I suggested the use of a compact Arduino clone like the Ardweeny (check out “Testing the Ardweeny” to see how tiny it is!)

Then, soldering everything onto a stripboard should result in a small footprint that would not detract from his art piece.

Anyway, here’s a Fritzing diagram that shows how to wire the circuit:

You can see the Arduino, LDR (light sensor, the component with the “squiggly” line), LED and PIR (motion sensor, the black “mystery” component to the right — the Fritzing version I’m using has no PIR component and I still don’t know how to add a custom component the proper way).

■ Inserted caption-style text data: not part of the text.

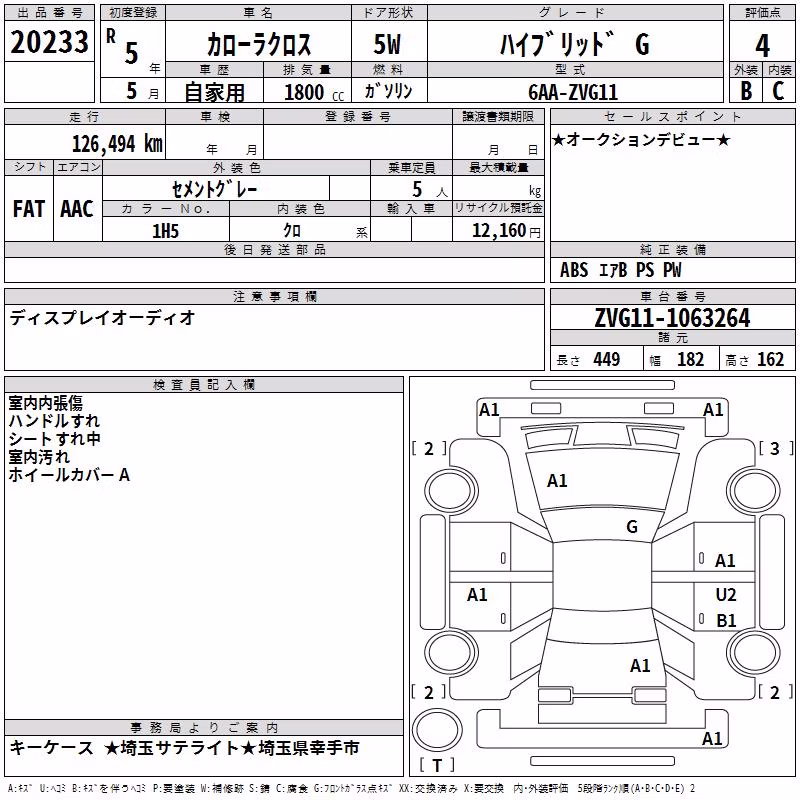TOYOTA COROLLA CROSS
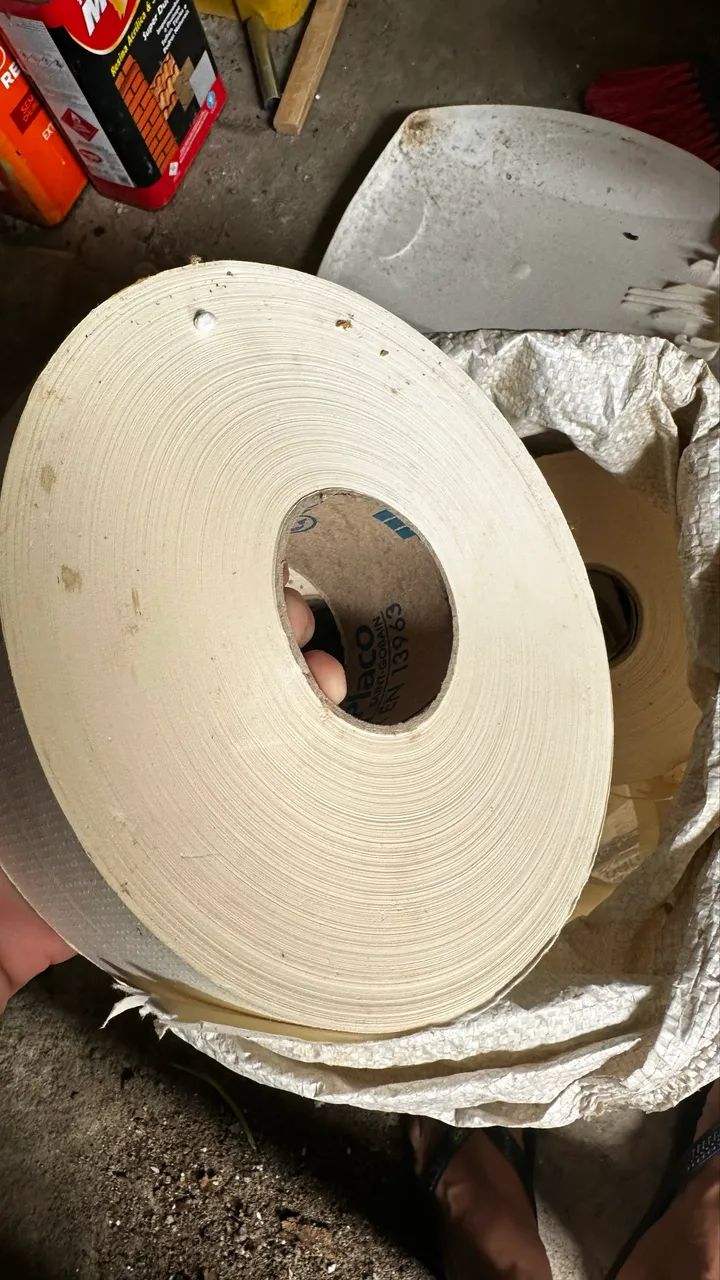 Fita  e massa de drywall  - Foto 2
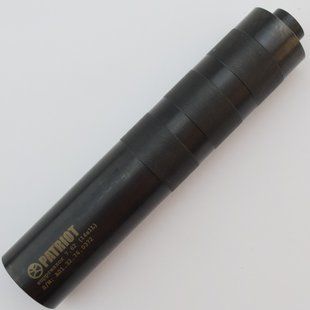Глушник саундмодератор Steel PATRIOT 7.62х39 резьба 14х1 Lh PATRIOT 7.62 фото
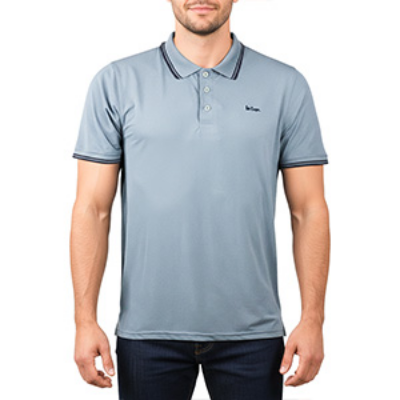 Picture of GREY POLO SHIRTS LEISURE FOR MEN 8BX0C32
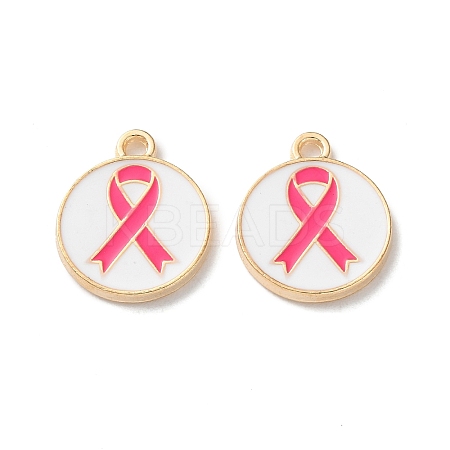 Alloy Enamel Pendants ENAM-C032-01G-1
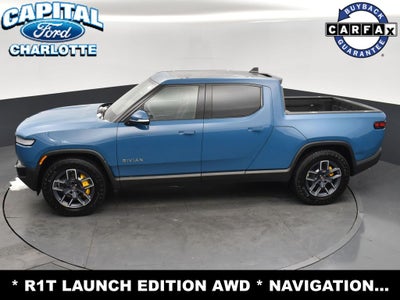 2023 Rivian R1T Launch Edition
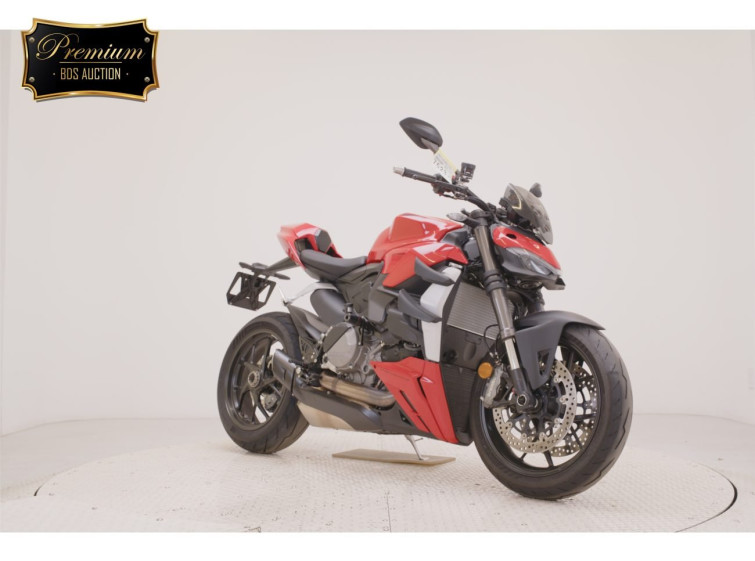 Мотоцикл Ducati STREET FIGHTER V2 с пробегом 2033 km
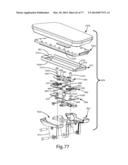 Chair Assembly with Upholstery Covering diagram and image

Here’s an excellent tutorial on the use of PIRs, from Ladyada who did create her own component on Fritzing.

And here’s a picture of the setup:

Bill of Materials (include parts used for both Arduino and non-Arduino* versions):

• Breadboard
• Power* (I used this breakout board connected to my USB; power pins only)
• 1 photocell (light dependent resistor/LDR)
• 1 motion sensor (passive infrared sensor/PIR)
• Arduino (any flavor)
• 1 NPN transistor* (BC548B) (for the PIR)
• 1 PNP transistor* (2N3906) (for the LDR)
• 2 10K Ohm resistors* (Arduino version uses only 1)
• 2 diodes (1N914A)*
• 1 10K trimpot*
• Jumper wire (male-to-male, assorted lengths)
• 1 LED
• 2 180 Ohm resistors* (Arduino version uses only 1) (200 Ohm will work, too)
• Multimeter (optional, but helpful)
• Logic probe (optional, but helpful)

Here’s a video showing the concept:

(On a side note I have now acquired a HD flip camera so I don’t have to use my phone to record videos anymore).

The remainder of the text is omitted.